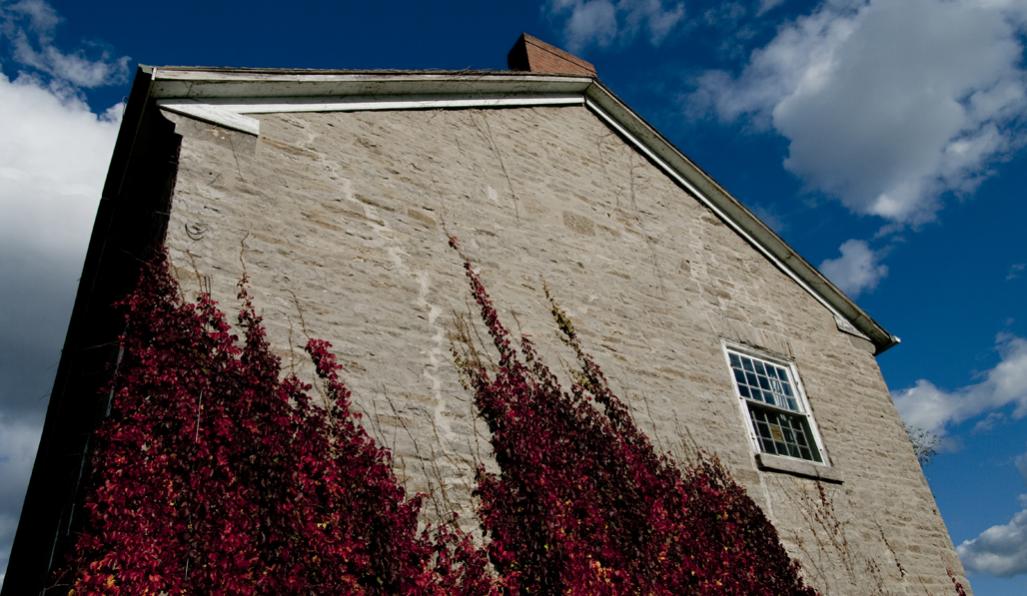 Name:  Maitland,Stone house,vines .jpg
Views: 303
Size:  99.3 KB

===

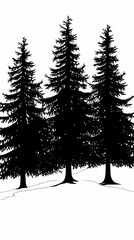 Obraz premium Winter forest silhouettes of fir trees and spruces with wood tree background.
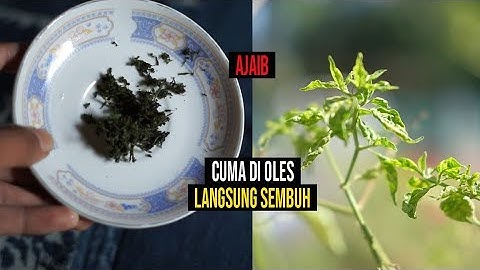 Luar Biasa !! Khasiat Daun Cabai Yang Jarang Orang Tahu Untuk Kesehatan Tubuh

===

### DIRECTIONS FOR THIS TASK
Although pictures appear among the entries, please set down only the lines from the one with "Obraz premium Winter" up to and including the one with "Luar Biasa !!", word for word.

### ANSWER TO THIS PROBLEM
 Obraz premium Winter forest silhouettes of fir trees and spruces with wood tree background.
 Luar Biasa !! Khasiat Daun Cabai Yang Jarang Orang Tahu Untuk Kesehatan Tubuh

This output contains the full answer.